Multiple-Instruction Translation analyzes entire basic blocks or even sets of basic blocks to generate better optimized host code. As [3] shows, the costs of such context-sensitive translations are not negligible. Fortunately, multiple-instruction translation can be used like a hot-spot compiler, transparently optimizing only the dynamically detected hot spots of the code.

## 4.2 Segments

Emulating x86 segments on other architectures is costly: for any memory access, the effective address has to be checked against the segment limit and the segment base has to be added. Depending on the host architecture, 1 to 3 additional cycles per memory access are required. In addition, the code becomes larger and needs more instruction-cache space. This effect is probably even worse than the additional execution cycles.

Fortunately, many systems use only a flat memory model on the x86. Nevertheless, segments should be included in the ubiquitous architecture. However, they must be for free as long as they are not really used. Any translator should start with generating fast flat-memory code (without code for adding the segment base and checking the segment limit). As soon as a non-flat segment is loaded into a segment register, the already translated code must be invalidated and the translator must generate slower segment-sensitive code from then on.

## 4.3 Little Endians

Fortunately, one's-complement machines are no longer relevant. However, the world is still divided in little-endian and big-endian machines. There is no doubt that the ubiquitous architecture must be little endian (the 90+% argument). Although most non-x86 processors can specify the byte ordering at boot time, the ubiquitous architecture needs little endian semantics even when the processor is booted with big endian ordering. The PowerPC architecture offers load/store instructions operating in the "reverse" ordering. So we can easily generate little endian code, even if the machine runs in big endian mode.

Otherwise, the entire x86 address space can be mapped "inverted" to the host architecture. (The memory is not typed and programs can freely mix byte access and word access on the same address. So there is no way to reverse only the "words" in memory and leave the "bytes" untouched.)

- i) When loading the x86 address space into the host, the entire byte ordering is inverted. The byte at x86 address 0 is loaded into host address -1, 1 to -2, and so on; in general x86 address a is mapped to -a-1. (This includes the original x86 code. Fortunately, translating instructions backwards performs as well as forwards.)
- ii) The translator then generates host code in such a way that any word access to x86 address a operates on host address -a-4; byte access is mapped to -a-1, etc.
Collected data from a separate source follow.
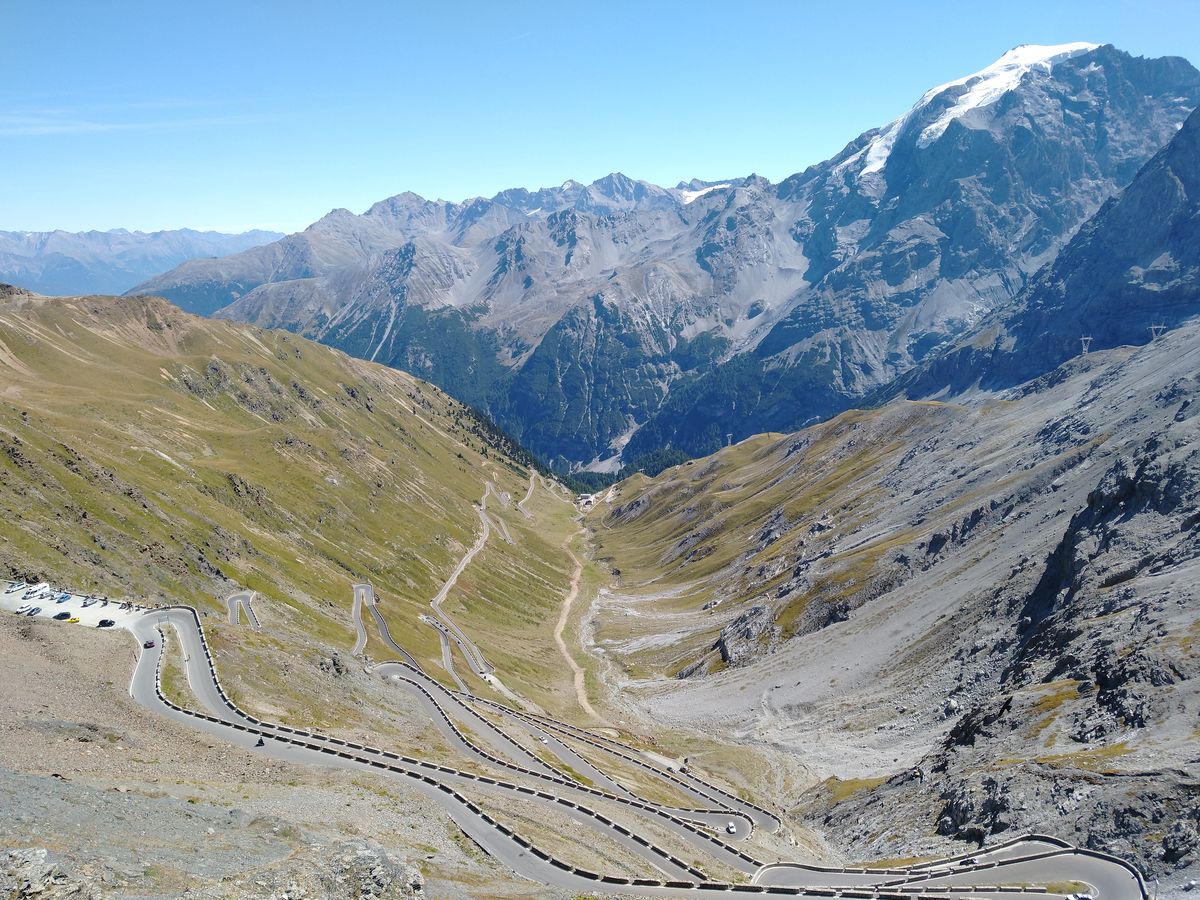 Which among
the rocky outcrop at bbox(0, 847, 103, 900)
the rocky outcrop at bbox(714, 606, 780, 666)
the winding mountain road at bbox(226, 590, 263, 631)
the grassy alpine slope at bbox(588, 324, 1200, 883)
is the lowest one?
the rocky outcrop at bbox(714, 606, 780, 666)

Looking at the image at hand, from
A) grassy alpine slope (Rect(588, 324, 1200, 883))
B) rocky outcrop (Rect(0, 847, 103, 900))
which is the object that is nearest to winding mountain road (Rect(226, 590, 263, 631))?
grassy alpine slope (Rect(588, 324, 1200, 883))

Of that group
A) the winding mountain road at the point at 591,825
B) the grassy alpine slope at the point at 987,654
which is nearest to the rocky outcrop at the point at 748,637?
the grassy alpine slope at the point at 987,654

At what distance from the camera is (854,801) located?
90375 millimetres

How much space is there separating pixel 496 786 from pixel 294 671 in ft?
97.0

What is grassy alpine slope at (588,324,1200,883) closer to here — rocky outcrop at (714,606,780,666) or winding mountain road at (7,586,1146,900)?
rocky outcrop at (714,606,780,666)

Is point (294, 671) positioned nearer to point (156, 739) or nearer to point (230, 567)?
point (156, 739)

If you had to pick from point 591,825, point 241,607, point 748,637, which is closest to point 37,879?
point 591,825

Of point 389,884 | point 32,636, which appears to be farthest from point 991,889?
point 32,636

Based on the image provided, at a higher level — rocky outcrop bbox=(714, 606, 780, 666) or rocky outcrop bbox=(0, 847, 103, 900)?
rocky outcrop bbox=(0, 847, 103, 900)

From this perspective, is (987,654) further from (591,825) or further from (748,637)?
(591,825)

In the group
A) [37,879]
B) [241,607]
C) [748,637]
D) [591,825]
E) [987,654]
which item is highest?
[37,879]

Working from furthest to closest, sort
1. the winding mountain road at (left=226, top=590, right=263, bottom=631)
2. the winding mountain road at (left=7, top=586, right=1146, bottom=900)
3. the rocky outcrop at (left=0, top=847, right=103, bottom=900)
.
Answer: the winding mountain road at (left=226, top=590, right=263, bottom=631)
the winding mountain road at (left=7, top=586, right=1146, bottom=900)
the rocky outcrop at (left=0, top=847, right=103, bottom=900)

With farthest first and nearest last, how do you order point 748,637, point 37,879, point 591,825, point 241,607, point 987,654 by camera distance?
point 748,637 < point 987,654 < point 241,607 < point 591,825 < point 37,879

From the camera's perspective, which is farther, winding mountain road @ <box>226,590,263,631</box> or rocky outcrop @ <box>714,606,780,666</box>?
rocky outcrop @ <box>714,606,780,666</box> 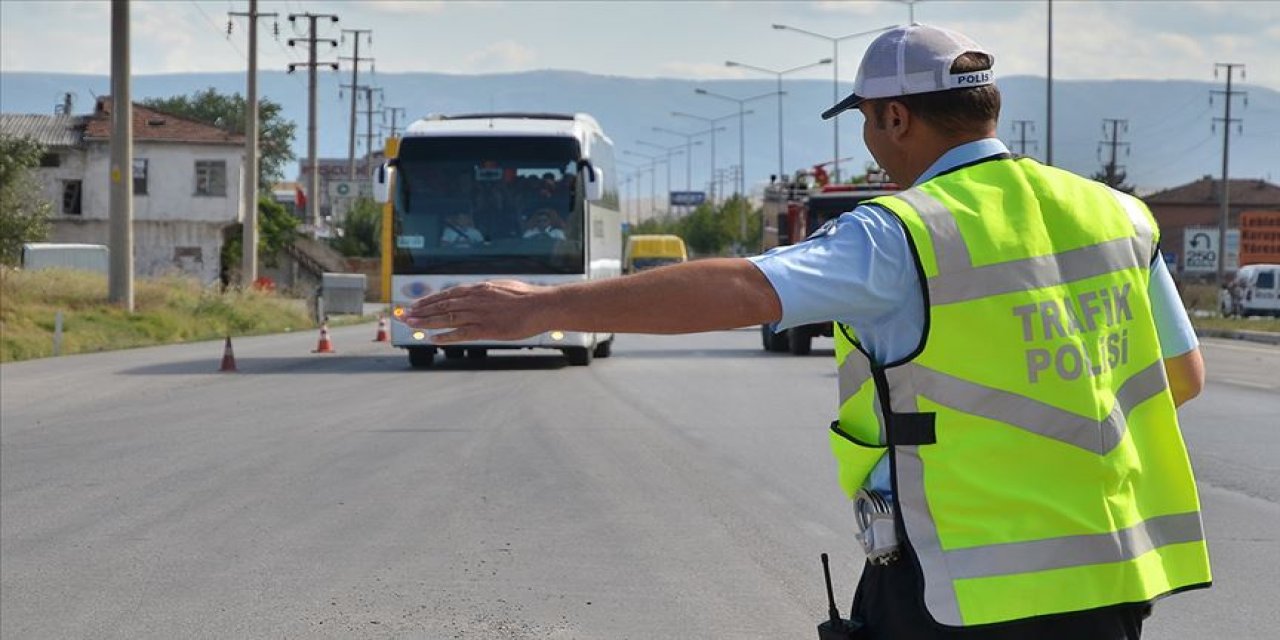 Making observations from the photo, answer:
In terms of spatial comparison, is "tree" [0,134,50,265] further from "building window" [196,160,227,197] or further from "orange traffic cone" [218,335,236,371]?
"orange traffic cone" [218,335,236,371]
For dynamically calculated addresses, this requires typically one additional instruction per memory access.



Loading the word from x86 address 0, host address -4, in big-endian ordering now loads the correct value 0x3210 into the register. When accessing a byte at x86 address 0, host address -1, the least significant byte is correctly accessed.

## 4.4 Floating Point

All relevant floating point units claim IEEE-754 compliance. The memory representation of 32-

bit and 64-bit floating-point values is basically the same on all these machines. Nevertheless, adding three or more values can result in dramatically different sums on different 754-compliant processors. Internally, the x86 architecture uses 80-bit floating-point registers. Adders and multipliers operate also 80 bits wide. The 80-bit values are rounded to 64-bit or 32-bit values only when they are written to memory. In general, processors that have only 64-bit floating-point registers will produce less precise, i.e. different, results.

Fortunately, very few programs will be affected by the difference in precision. However, numerically instable algorithms and some highly x86-optimized numeric algorithms will suffer when they run on a less-precise processor.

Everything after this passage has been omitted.